■ **What is required**
What you return must match the records word for word, except that images are dropped.

■ **Records for this exercise**
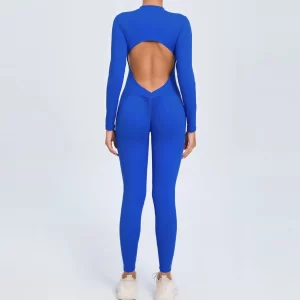 Athletic Backless Rompers Long Sleeve Workout Gym Bodysuit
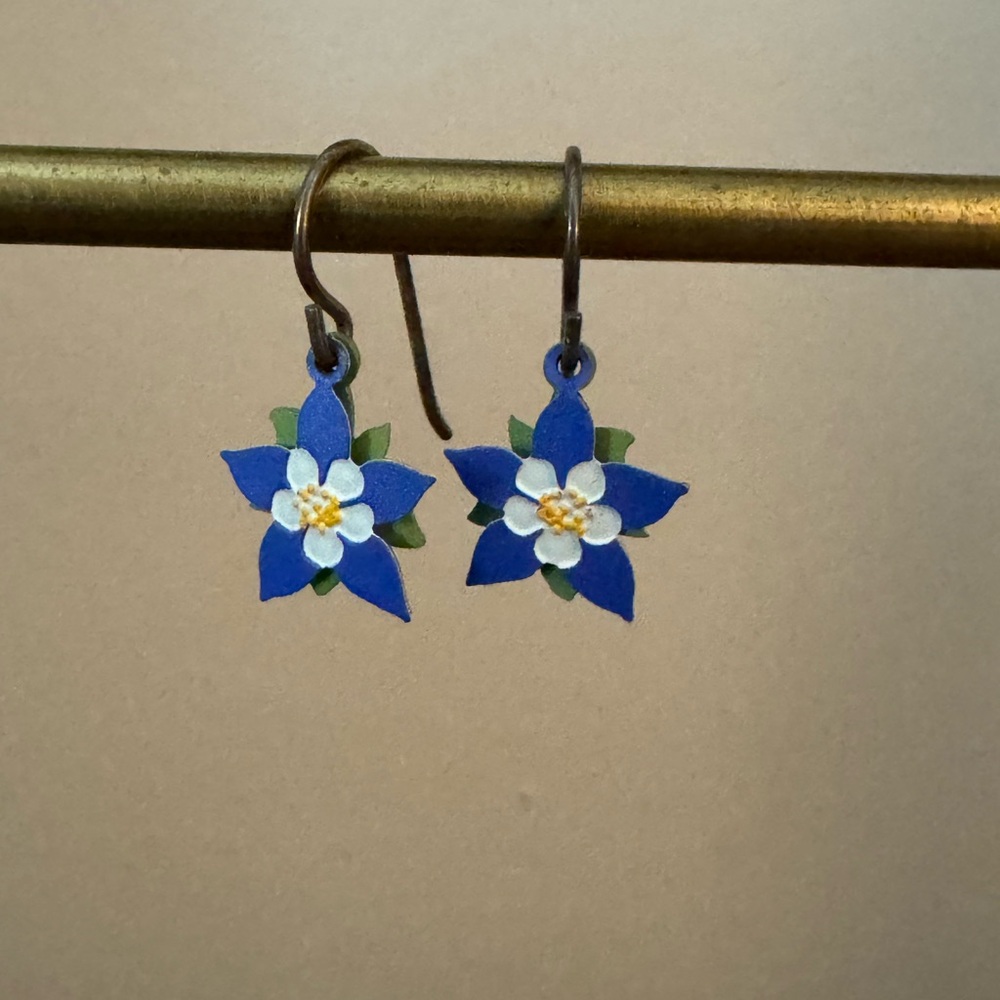 Blue Columbine Flower Drop Earrings - Women Jewelry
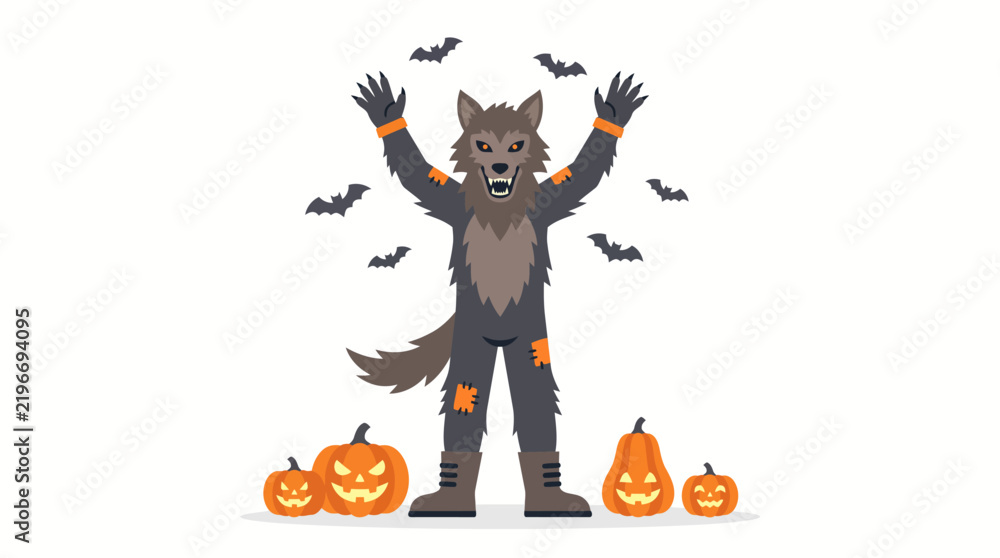 Fototapeta premium Werewolf character standing with raised arms near halloween pumpkins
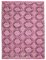 Gezwirnter Handgeknüpfter Rosa Flowerwave Kelim Teppich aus Wolle 1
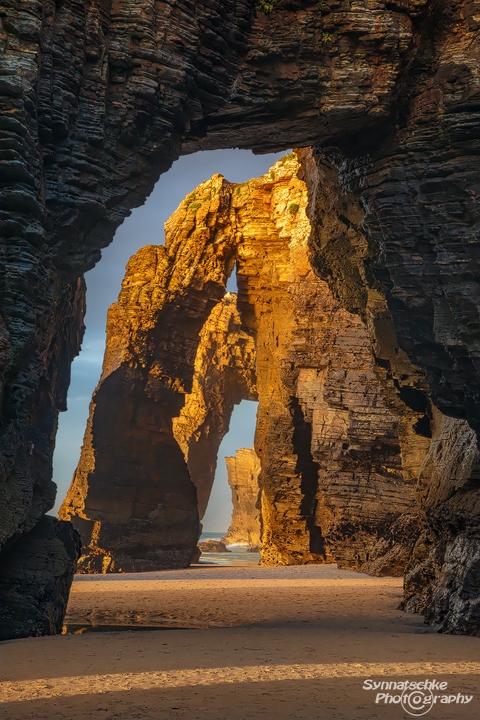 Los Catedrales at low tide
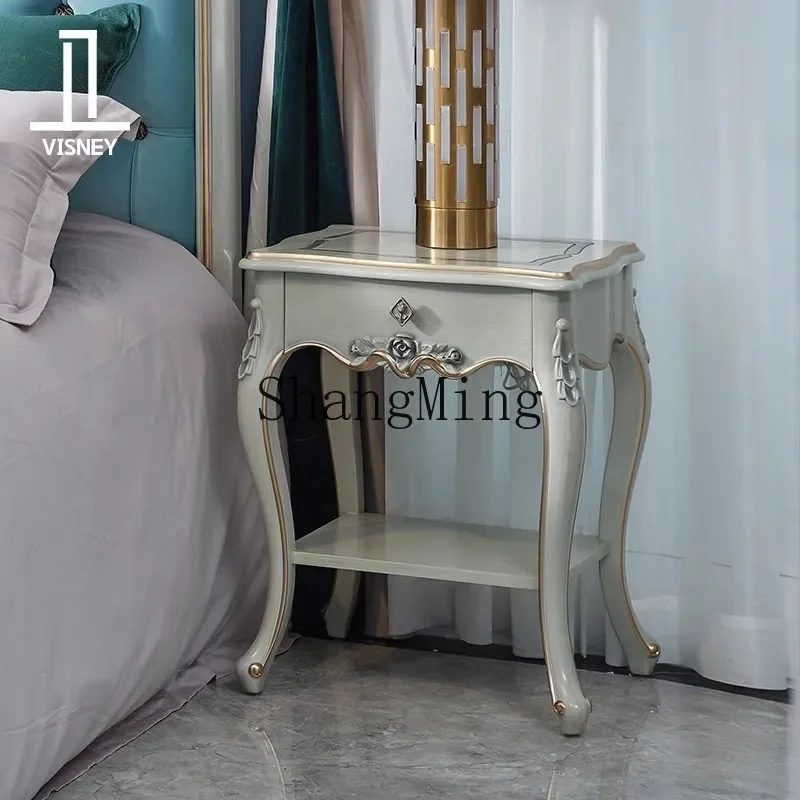 SM new home solid wood carving flower bedside table villa high-end hotel retro master bedroom bedside cabinet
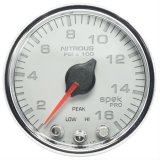 AutoMeter Spek-Pro Analog Gauges P32011 Gauges, Spek-Pro, Nitrous Pressure, 0-1,600 psi, 2 1/16 in., White Face, Multicolor Numbers, Chrome Bezel, Analog, Electrical, Each thumbnail 1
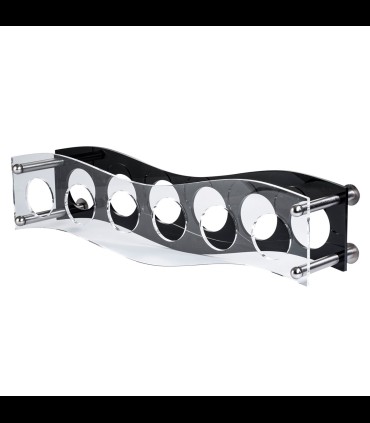 Bottle holder wall 6 placed in transparent plexiglass base in black or white
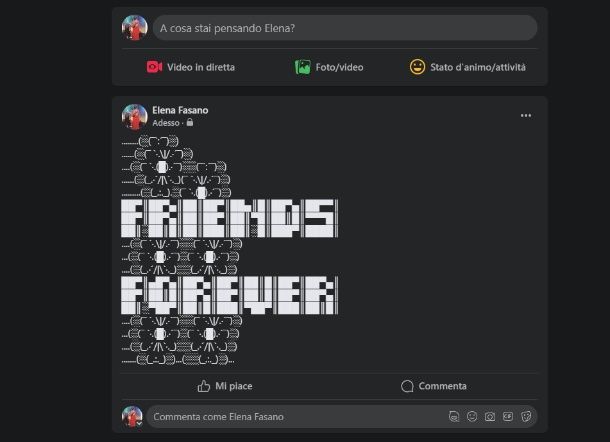 Simboli ASCII Facebook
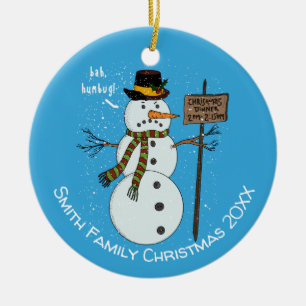Bah Humbug Grumpy jul Snögubbe Introvert Julgransprydnad Keramik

■ **Solution for this problem**
 Athletic Backless Rompers Long Sleeve Workout Gym Bodysuit
 Blue Columbine Flower Drop Earrings - Women Jewelry
 Fototapeta premium Werewolf character standing with raised arms near halloween pumpkins
 Gezwirnter Handgeknüpfter Rosa Flowerwave Kelim Teppich aus Wolle 1
 Los Catedrales at low tide
 SM new home solid wood carving flower bedside table villa high-end hotel retro master bedroom bedside cabinet
 AutoMeter Spek-Pro Analog Gauges P32011 Gauges, Spek-Pro, Nitrous Pressure, 0-1,600 psi, 2 1/16 in., White Face, Multicolor Numbers, Chrome Bezel, Analog, Electrical, Each thumbnail 1
 Bottle holder wall 6 placed in transparent plexiglass base in black or white
 Simboli ASCII Facebook
Bah Humbug Grumpy jul Snögubbe Introvert Julgransprydnad Keramik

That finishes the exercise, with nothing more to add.